Our Storm Implementation

Now that you understand Apache Storm basics, let's see how we've implemented it in our water management system. This guide walks through real examples from our codebase, showing how we create bolts, build topologies, pass data, and manage state.

tip

This page uses real code examples from our project. You can find these files in src/main/kotlin/ to explore further.

Building Our Topology

The Topology Builder

Our topology is built in StormTopologyBuilder.kt. It creates a complex DAG (Directed Acyclic Graph) that processes water sensor data through multiple stages.

Real Code Example (StormTopologyBuilder.kt:39-64):

fun buildTopology(): StormTopology {
    val topologyBuilder = TopologyBuilder()

    // Step 1: Add all spouts to topology
    spoutsConfig.forEach { (id, config) ->
        topologyBuilder.setSpout(
            id.value,                    // Spout ID (e.g., "EventHubSpout")
            EventHubSpout(config),       // Spout instance
            config.partitionCount        // Parallelism
        ).setNumTasks(config.partitionCount)
    }

    // Step 2: Add HubLogger bolt - receives from all spouts
    val bolt = topologyBuilder.setBolt(
        HubLoggerBolt.ID,
        HubLoggerBolt(),
        registeredSpouts.sumOf { it.partitionCount }
    ).setNumTasks(registeredSpouts.sumOf { it.partitionCount })

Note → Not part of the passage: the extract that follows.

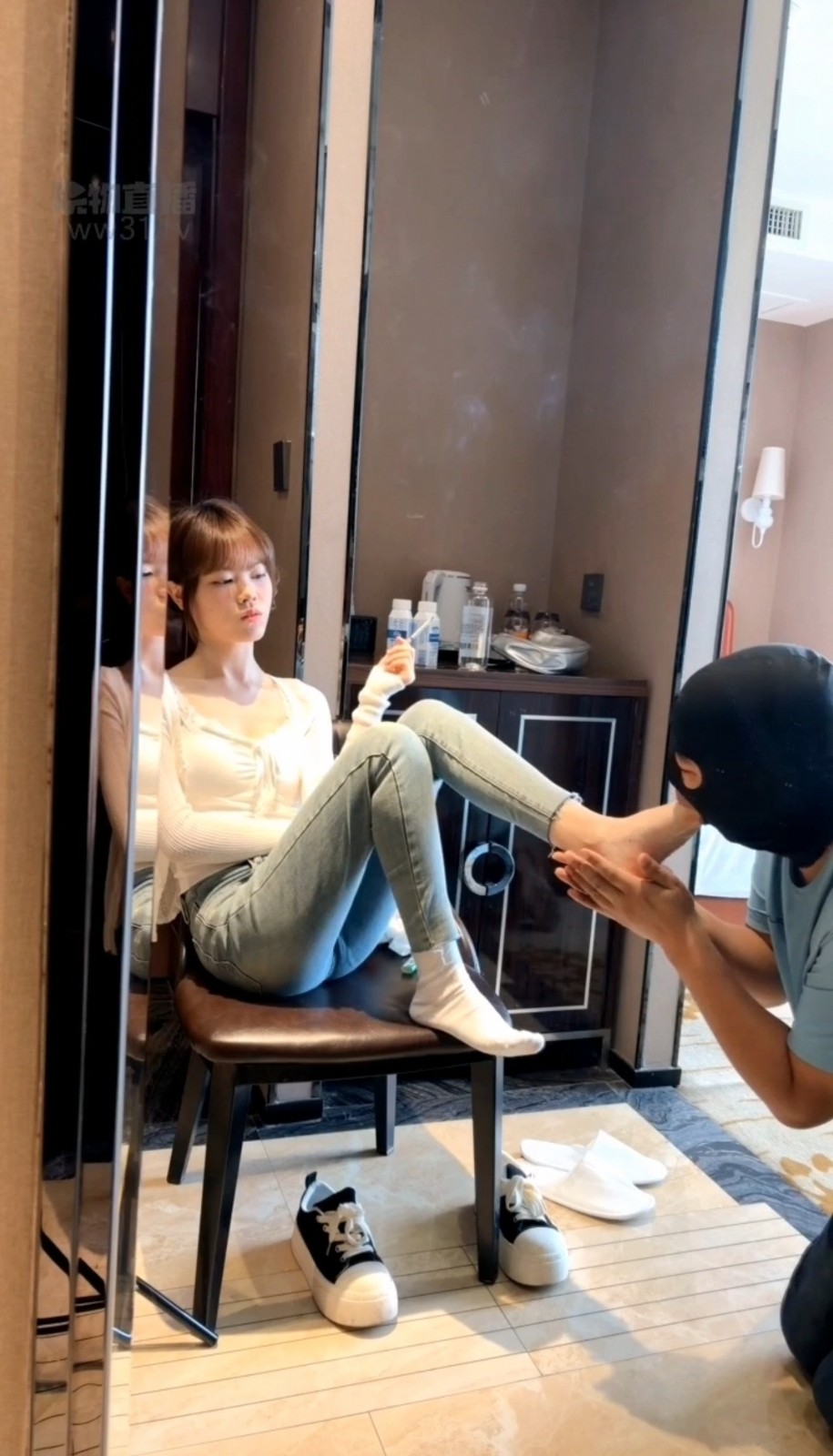 Screenshot_20260501_120011_com.huawei.himovie_edit_35738266504441.jpg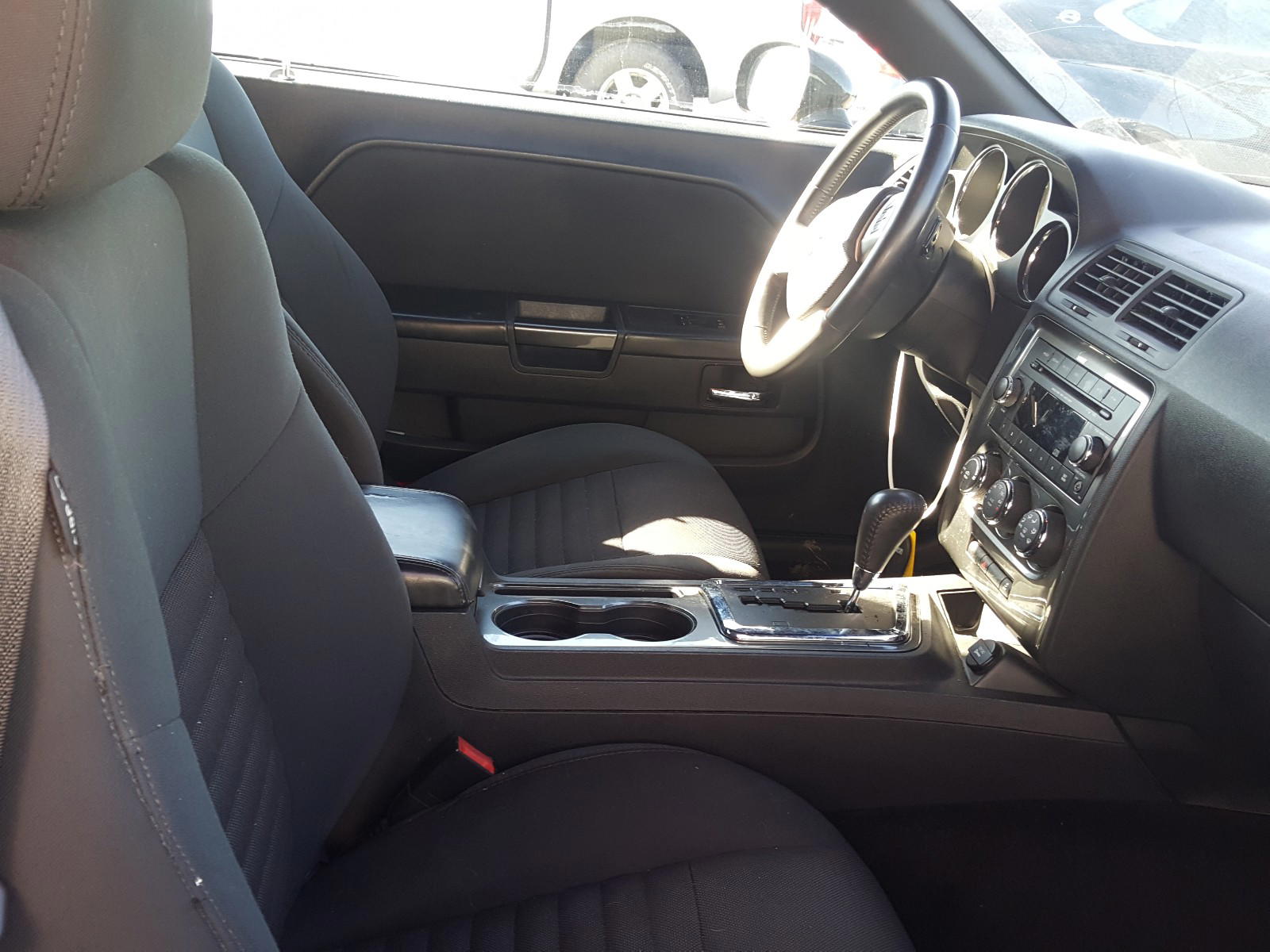 Photo 5 from auction – 2013 DODGE CHALLENGER with VIN 2C3CDYAG3DH718742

    // Connect HubLogger to all spouts
    spoutsConfig.keys.forEach {
        bolt.localOrShuffleGrouping(it.value)
    }

    // Step 3: Build the rest of the topology
    spoutsConfig.forEach { (id, config) ->
        when (id) {
            SpoutsIdentifier.EVENT_HUB_SPOUT ->
                buildHardwareDataTopology(config, topologyBuilder)
            SpoutsIdentifier.EVENT_HUB_SPOUT_EXTERNAL -> {}
        }
    }

    return topologyBuilder.createTopology()
}

Key Concepts

Parallelism: Number of executor threads (e.g., config.partitionCount)
NumTasks: Number of instances (can be > parallelism for future scaling)
Grouping: How tuples are distributed to bolt instances

Data Models

Before we process data, we need to define what data looks like. We use data classes for type-safe data handling.

InstantaneousData

Used for real-time sensor readings like water quality, level, etc.

Real Code (supporter/InstantaneousData.kt:6-29):

class InstantaneousData : Serializable {
    // Stores multiple sensor parameters (pH, TDS, turbidity, etc.)
    private var paramsData: Map<String, Double?>? = hashMapOf()

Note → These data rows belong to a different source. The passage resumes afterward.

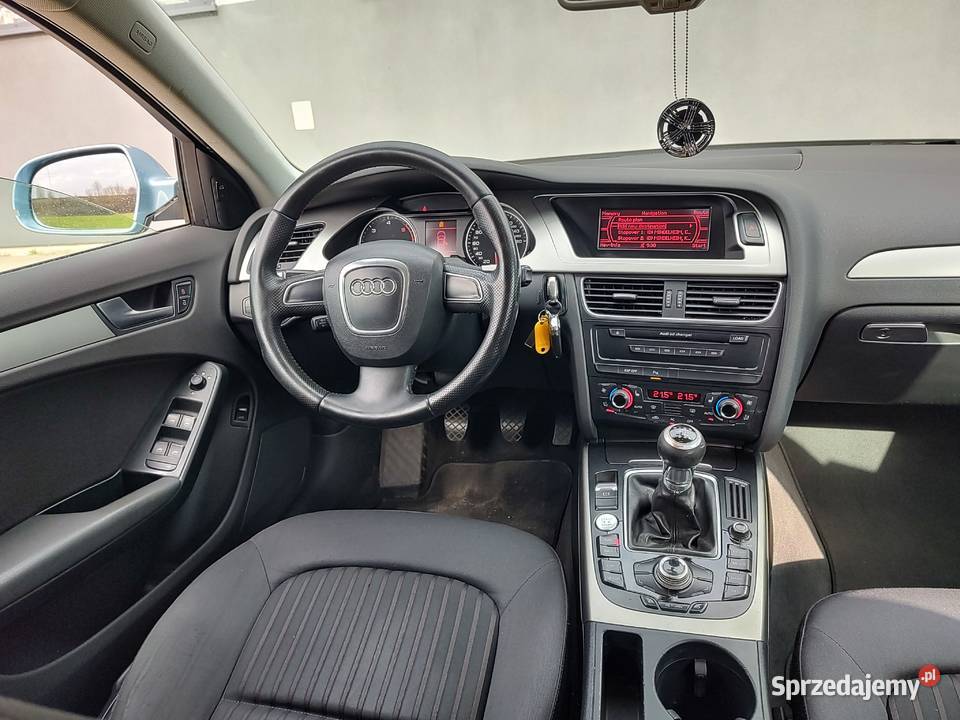 AUDI A4 SEDAN 20 TDI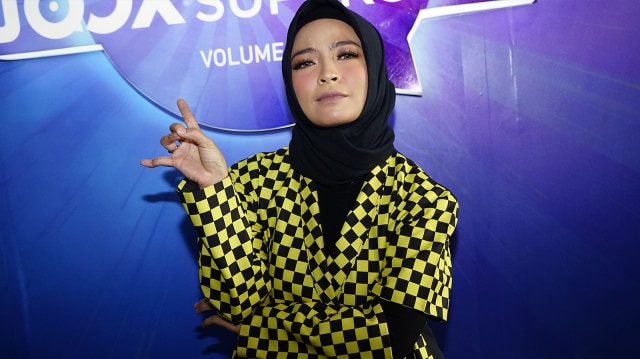 Vokalis Kotak, Tantri saat menghadiri acara pemilihan bakat karaoke Superstar di Grand Indonesia, Jakarta, Selasa, (6/8). Foto: Ronny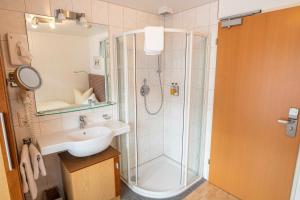 Ένα μπάνιο στο Hotel Lucia - 3 Sterne Superior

    // Single sensor value (for flow, level)
    var sensorValue: Double? = null

    // Calculated instantaneous value
    var calcInstantaneousValue: Double? = null

    constructor(data: Map<String, Double>) {
        this.paramsData = data
    }

    constructor(value: Double) {
        this.calcInstantaneousValue = value
    }

    constructor()

    fun getParamData(): Map<String, Double?>? {
        return paramsData
    }

    fun setParamData(data: Map<String, Double?>?) {
        this.paramsData = data
    }
}

Usage Example:

// Water quality data with multiple parameters
val qualityData = InstantaneousData(mapOf(
    "pH" to 7.2,
    "TDS" to 350.5,
    "turbidity" to 2.1,
    "temperature" to 25.0
))

// Single level sensor value
val levelData = InstantaneousData(1250.75)  // Tank level in cm

Why Serializable?

All data classes must implement Serializable because Storm sends data between JVM processes over the network.

Creating Bolts

Bolt Anatomy

Every bolt in our system extends BaseRichBolt and implements three key methods:

class MyBolt : BaseRichBolt() {
    // 1. Initialize bolt (called once per task)
    override fun prepare(
        conf: Map<String, Any>,
        context: TopologyContext,
        collector: OutputCollector
    ) { }

    // 2. Process each tuple (called for every incoming tuple)
    override fun execute(tuple: Tuple) { }

    // 3. Declare what fields this bolt emits
    override fun declareOutputFields(declarer: OutputFieldsDeclarer) { }
}

Real Example: QualityBolt

Let's look at how QualityBolt processes water quality data.

Real Code (bolt/quality/QualityBolt.kt:19-63):

class QualityBolt : BaseRichBolt() {
    private var collector: OutputCollector? = null

    // 1. PREPARE - Initialize resources
    override fun prepare(
        topoConf: Map<String, Any>,
        context: TopologyContext,
        collector: OutputCollector
    ) {
        this.collector = collector
        // Could also initialize database connections, caches, etc.
    }

    // 2. EXECUTE - Process incoming tuple
    override fun execute(tuple: Tuple) {
        try {
            // Extract input data from tuple
            val inputData = HubLoggerBoltQualityStreamOutputField.fromValues(
                tuple.values
            )

            // Convert timestamp to epoch
            val createdOnEpoch = UDF.createdOnToEpoch(inputData.createdOn)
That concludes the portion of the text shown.